Scraped caption text data
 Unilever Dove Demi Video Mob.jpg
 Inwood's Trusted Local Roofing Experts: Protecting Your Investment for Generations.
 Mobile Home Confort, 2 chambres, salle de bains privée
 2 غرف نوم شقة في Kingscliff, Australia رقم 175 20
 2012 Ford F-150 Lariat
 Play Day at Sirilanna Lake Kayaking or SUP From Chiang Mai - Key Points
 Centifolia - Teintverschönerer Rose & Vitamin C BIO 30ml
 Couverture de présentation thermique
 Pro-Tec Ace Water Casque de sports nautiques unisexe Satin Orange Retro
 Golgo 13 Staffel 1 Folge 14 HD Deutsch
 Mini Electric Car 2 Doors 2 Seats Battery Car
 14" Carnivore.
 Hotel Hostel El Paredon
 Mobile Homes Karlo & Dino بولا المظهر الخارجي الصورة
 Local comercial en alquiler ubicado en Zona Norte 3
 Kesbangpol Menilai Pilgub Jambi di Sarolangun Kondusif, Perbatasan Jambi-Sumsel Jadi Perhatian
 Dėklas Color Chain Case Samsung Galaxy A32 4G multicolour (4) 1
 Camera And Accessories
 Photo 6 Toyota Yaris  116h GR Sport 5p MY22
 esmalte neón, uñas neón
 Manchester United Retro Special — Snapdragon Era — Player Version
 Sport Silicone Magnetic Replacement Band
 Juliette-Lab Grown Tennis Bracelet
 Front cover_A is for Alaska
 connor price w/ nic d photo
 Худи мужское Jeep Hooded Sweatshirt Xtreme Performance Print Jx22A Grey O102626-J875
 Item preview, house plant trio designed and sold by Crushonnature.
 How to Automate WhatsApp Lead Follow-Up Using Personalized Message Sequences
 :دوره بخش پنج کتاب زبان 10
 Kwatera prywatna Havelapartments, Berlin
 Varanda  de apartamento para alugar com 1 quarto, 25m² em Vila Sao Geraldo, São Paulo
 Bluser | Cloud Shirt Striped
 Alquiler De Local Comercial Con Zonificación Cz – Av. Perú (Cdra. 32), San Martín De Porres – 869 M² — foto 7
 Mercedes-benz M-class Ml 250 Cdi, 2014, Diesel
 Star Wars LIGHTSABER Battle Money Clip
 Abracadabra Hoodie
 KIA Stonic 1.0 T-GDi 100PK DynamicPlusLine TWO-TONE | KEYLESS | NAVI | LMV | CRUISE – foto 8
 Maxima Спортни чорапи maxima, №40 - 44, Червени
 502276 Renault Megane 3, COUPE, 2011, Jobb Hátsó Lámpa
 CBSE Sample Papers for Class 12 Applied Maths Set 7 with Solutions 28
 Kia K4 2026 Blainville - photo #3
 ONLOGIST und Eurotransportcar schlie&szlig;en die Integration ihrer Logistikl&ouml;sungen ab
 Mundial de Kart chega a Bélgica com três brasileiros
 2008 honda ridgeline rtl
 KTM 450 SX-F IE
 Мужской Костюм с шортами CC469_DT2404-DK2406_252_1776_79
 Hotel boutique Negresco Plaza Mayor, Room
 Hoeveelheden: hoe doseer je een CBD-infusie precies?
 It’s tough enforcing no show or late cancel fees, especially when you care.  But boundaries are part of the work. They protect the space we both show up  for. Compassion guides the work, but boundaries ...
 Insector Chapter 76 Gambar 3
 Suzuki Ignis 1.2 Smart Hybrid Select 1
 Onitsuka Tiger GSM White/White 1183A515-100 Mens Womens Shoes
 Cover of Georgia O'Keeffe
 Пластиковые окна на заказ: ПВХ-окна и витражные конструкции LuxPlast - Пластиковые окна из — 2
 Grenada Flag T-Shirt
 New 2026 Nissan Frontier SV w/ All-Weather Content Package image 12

◆ **PROBLEM DESCRIPTION**: An exact copy of the lines above between the line holding "Manchester United Retro" and the line holding "Kwatera prywatna Havelapartments, Berlin", inclusive, is the whole answer.

◆ **SOLVED EXERCISE**:
 Manchester United Retro Special — Snapdragon Era — Player Version
 Sport Silicone Magnetic Replacement Band
 Juliette-Lab Grown Tennis Bracelet
 Front cover_A is for Alaska
 connor price w/ nic d photo
 Худи мужское Jeep Hooded Sweatshirt Xtreme Performance Print Jx22A Grey O102626-J875
 Item preview, house plant trio designed and sold by Crushonnature.
 How to Automate WhatsApp Lead Follow-Up Using Personalized Message Sequences
 :دوره بخش پنج کتاب زبان 10
 Kwatera prywatna Havelapartments, Berlin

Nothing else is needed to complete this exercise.